I have to calculate limit: $$\lim_{x \to +\infty}\left(\sinh x\right)^{\arctan\frac{1}{x}}$$
I think I can transform it to: $$e^{\lim_{x \to +\infty} \ln\left(\sinh x \right) \cdot \arctan \left( \frac{1}{x}\right)}$$
But what to do now? I'm hopeless by limit: $$\lim_{x \to +\infty} \ln\left(\sinh x \right) \cdot \arctan \left( \frac{1}{x}\right)$$
Thank you for any ideas how to solve this limit.
By the way using L'Hopital's rule is restricted for me in this example so I would like to find solution without need of it.
I've already tried rewriting $\sinh x$ to exponential form but I think I can't help me anyhow. Even $\sinh x$ to $-i\sin ix$ identity didn't help me. Any other useful identity I haven't found too.

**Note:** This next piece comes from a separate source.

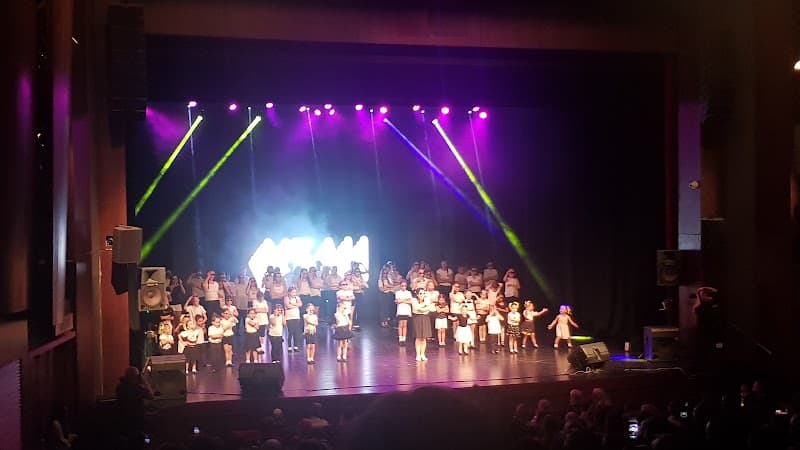 היכל התרבות אריאל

Thanks to comments I can do another step: $$\lim_{x \to +\infty} \ln\left(\sinh x \right) \cdot \arctan \left( \frac{1}{x}\right) = \lim_{x \to +\infty} \ln\left(\sinh x \right) \cdot \frac{1}{x} = \lim_{x \to +\infty} \ln\left(\sinh^{\frac{1}{x}} x \right)$$.
Now a problem is to fit $\sinh^{\frac{1}{x}}x$ to $\left(1+\frac{1}{x}\right)^x$. Is it possible when $\frac{1}{x}$ approaches to 0 and $sinh x$ approaches to infinity instead of one?
Context of this question is that I am now preparing for exam and i found this example in test from previous year. I am studing math first year so I have only few tools awaiable.